Wilson — Land owners along Lake Ontario are concerned about a potential International Joint Commission plan which may allow water levels to reach higher highs and lower lows.
Bill Eaton, who lives on Lake Road in Wilson, said he lost 50 feet in the 48 years he’s lived on the property. “I know we’ll lose more land,” he said. “The taxes keep going up and my lot gets smaller.”
It’s a common complaint for property owners along the lake.
The Eatons once had a beach and a boat launch in their backyard. Now they have a view of the lake crashing into the bank.
Wilson Town Supervisor Joseph Jastrzemski, who bought property on the lake last year, said a previous owner had to move the boat house up the cliff and use it as a garage.
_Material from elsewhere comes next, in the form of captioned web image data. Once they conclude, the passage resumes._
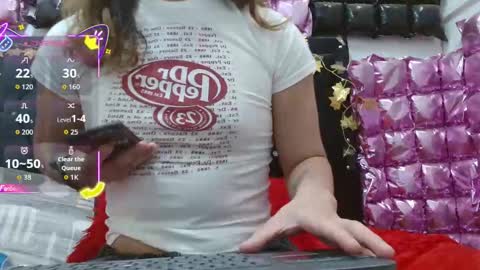 Snapshot of poisondost_hot chatting on November 18, 2:32 pm Aleja online show from November 18, 2:32 pm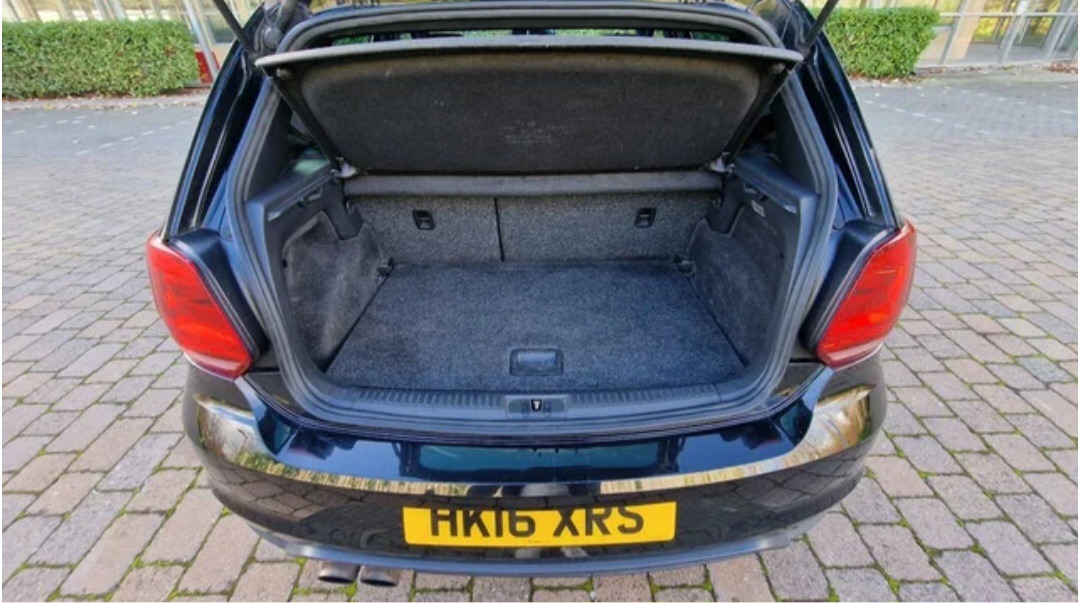 Used Volkswagen Polo 2016 for sale - 77649714: Photo 28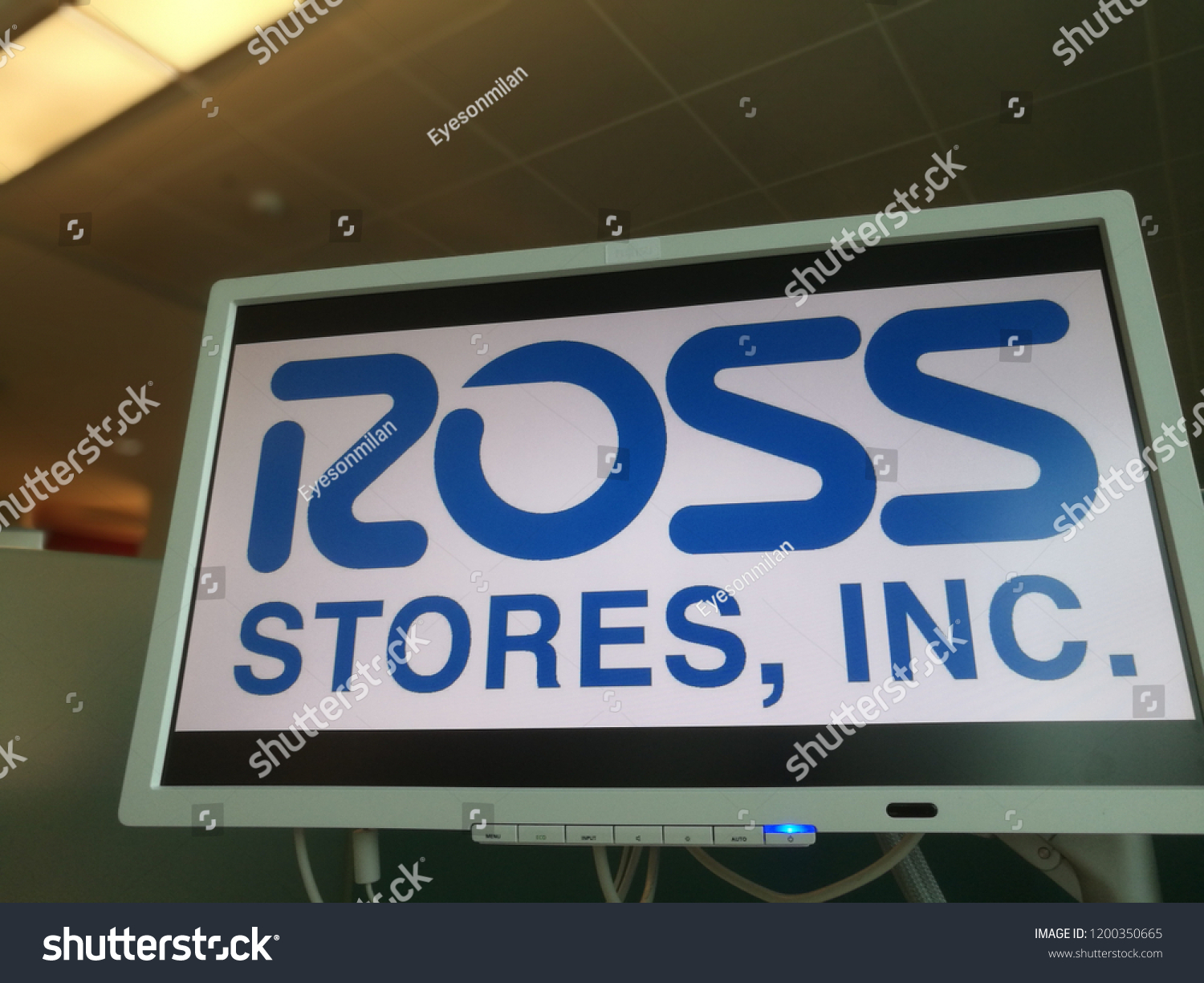 ross stores pa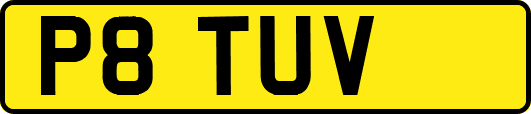 P8TUV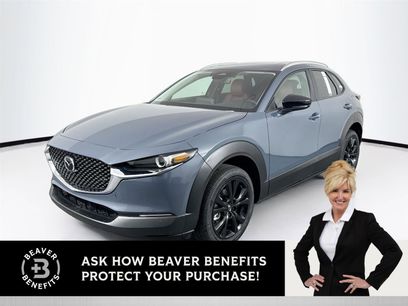 New 2026 MAZDA CX-30 AWD 2.5 S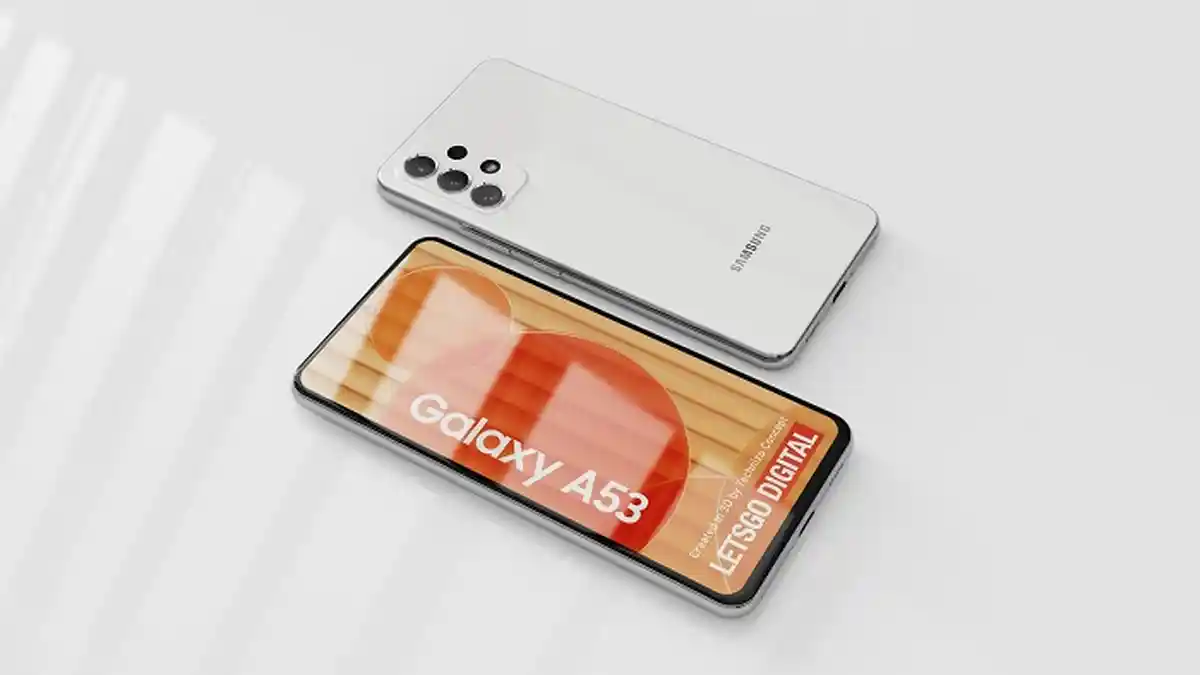 HARGA & Spesifikasi Lengkap Samsung Galaxy A53 5G, HP Menengah Gahar, Chipset Exynos 1280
The IJC gathered stakeholders in 2008 to discuss lake levels. There was a push for the so-called B-Plus plan, which was somewhat of a compromise between environmentalists and interested parties along the southern border of the great lake.
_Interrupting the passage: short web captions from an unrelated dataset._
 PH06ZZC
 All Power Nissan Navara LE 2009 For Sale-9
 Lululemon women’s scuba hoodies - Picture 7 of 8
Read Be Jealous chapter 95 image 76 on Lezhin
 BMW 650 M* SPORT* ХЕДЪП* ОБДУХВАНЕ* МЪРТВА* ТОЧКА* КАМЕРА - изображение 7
The 2008 plan, championed by environmentalists, had a broad base of support, according to IJC public affairs officer Frank Bevacqua.
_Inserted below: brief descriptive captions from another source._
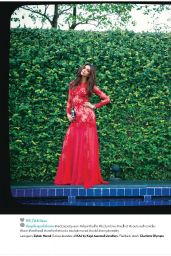 Deepika Padukone - Vogue Magazine (India) - June 2014 Issue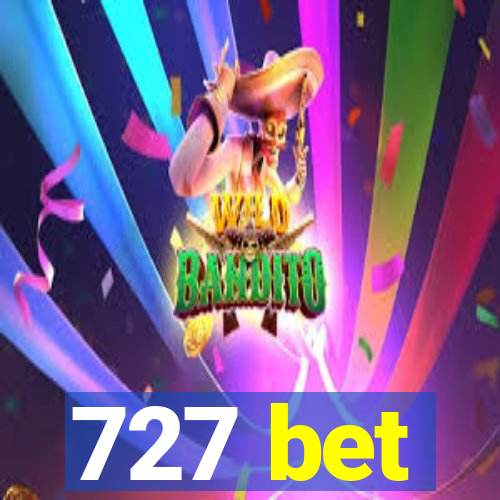 727 bet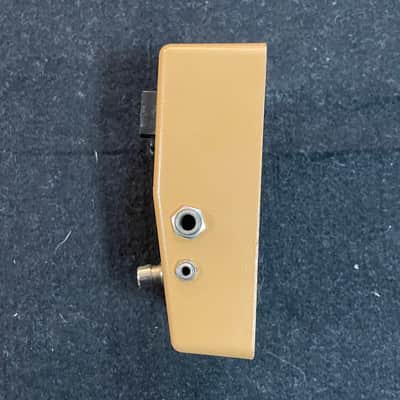 Vintage 1970’s Ross Distortion Pedal Chanute Kansas USA image 4
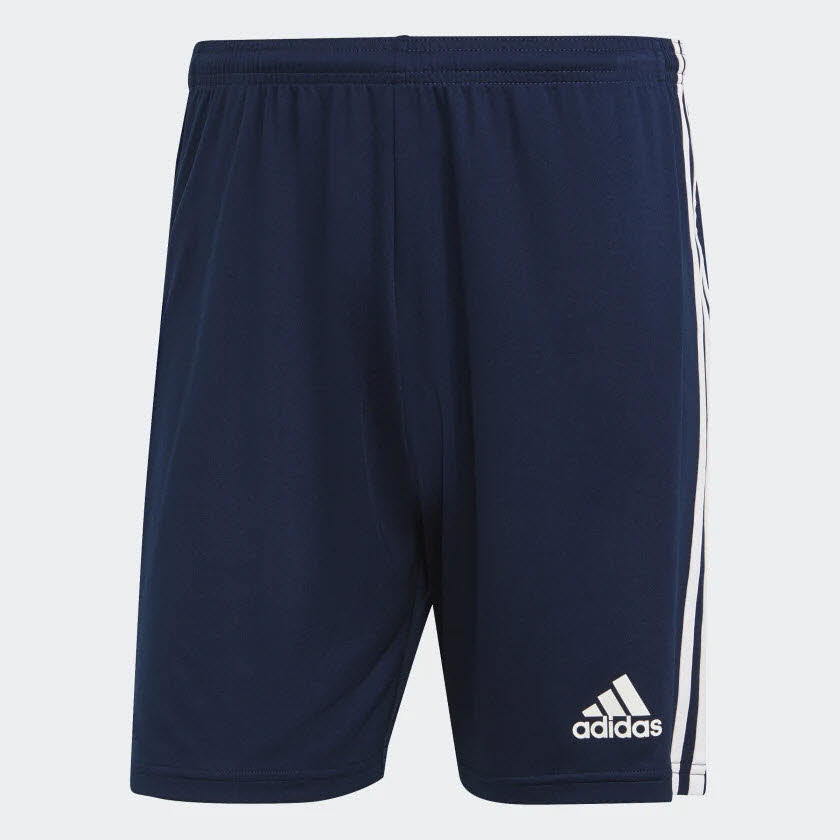SQUADRA21 SHORTS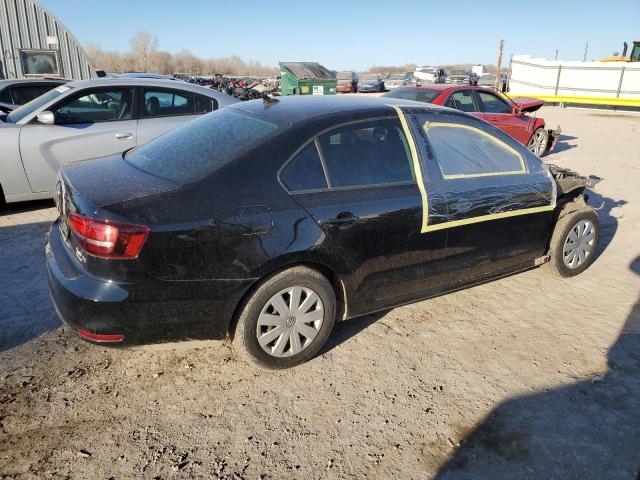 Photo 3 from auction – 2016 VOLKSWAGEN JETTA S with VIN 3VW267AJ7GM284741
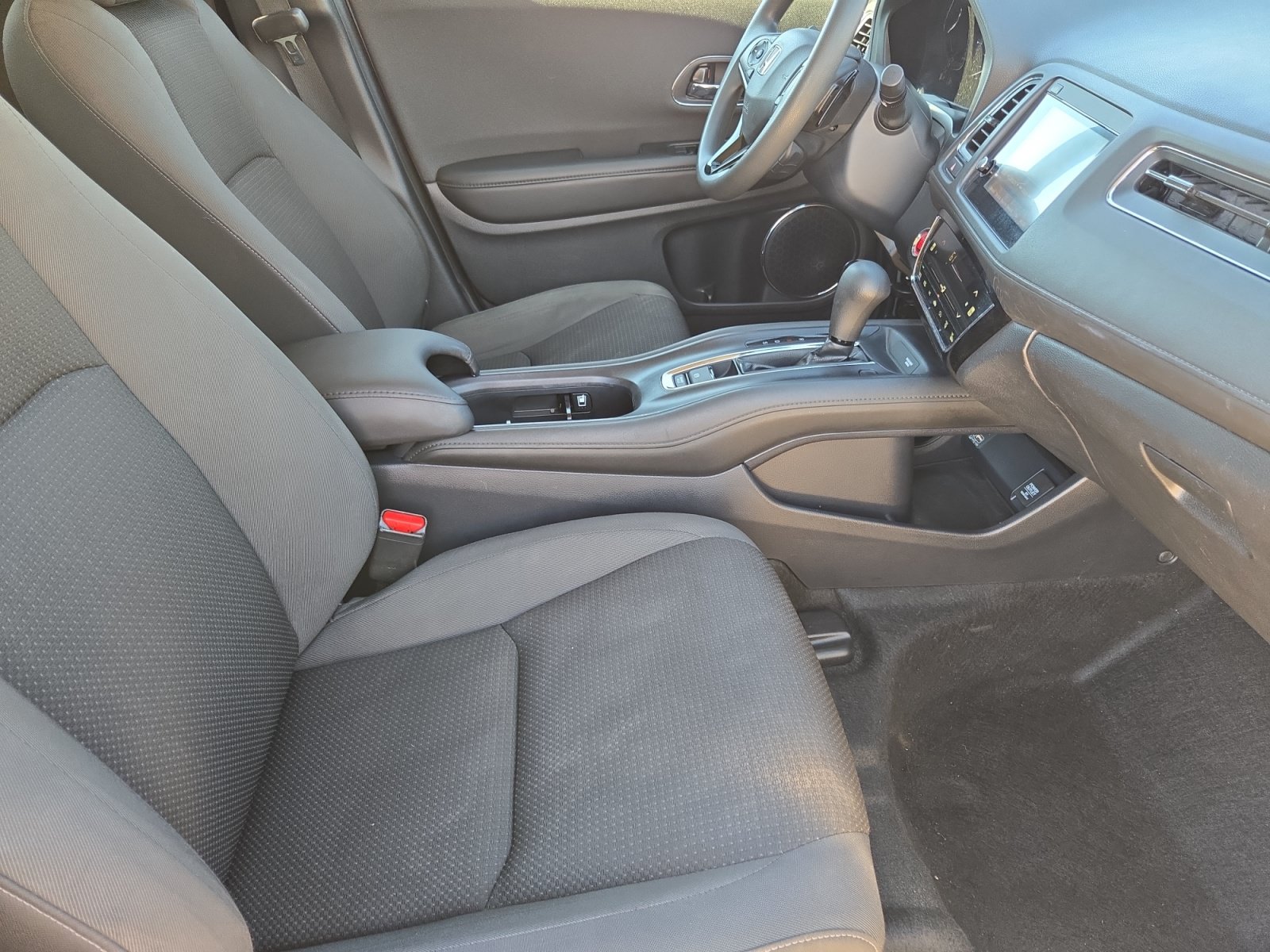 2022 Honda HR-V EX - Photo 19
Local governments, yacht clubs and marinas up and down the lake to the St. Lawrence River were opposed. The main impact is to coastal wetlands.
The joint commission was established by the United States and Canada in 1909 to try to prevent or resolve disputes. A new proposal would have lake levels closer to the natural seasonal flows before the construction of the St. Lawrence Power Project and St. Lawrence Seaway in the 1950s.
According to Jastrzemski, supervisors from Somerset, Wilson, Newfane, Porter and Lewiston will get together on Thursday with state Sen. George Maziarz, R-Newfane. “They (IJC) proposed it a few years back, and we were able to get support from legislative leaders to keep it from happening,” Jastrzemski said. “We have to formulate strategy to get some relief.”
In 2008, the IOC proposed three plans after a five-year study. The new plan to manage the water levels and flows is called “BV7.”
It was reported that the IJC would conduct meetings in March, which concerned locals who are away for the season. However, according to Bevacqua, meetings will not take place for about four months.
“We’re encouraging everyone to become informed,” Bevacqua said this week. “Erosion is a very complicated topic. It depends on specific sites on shore line. ... There’s a lot more at play than the regulation plan. The new plan would not have increased impact due to erosion.”
According to Bevacqua, lake levels are not completely controlled at the St. Lawrence Seaway. Water levels are determined more by natural factors than human control, he said.
The power plant spans the U.S.-Canadian border at Massena. The U.S. portion is the St. Lawrence-Franklin D. Roosevelt Power Project. On the Canadian side, it’s the Robert H. Saunders Generating Station.
“Anybody and everybody on this side of Lake Ontario is against it because of the erosion it’s creating on our shorelines,” Jastrzemski said. “Everyone along the Lake Ontario shoreline is affected. The wave action is pounding against the shorelines and washing our shores away.”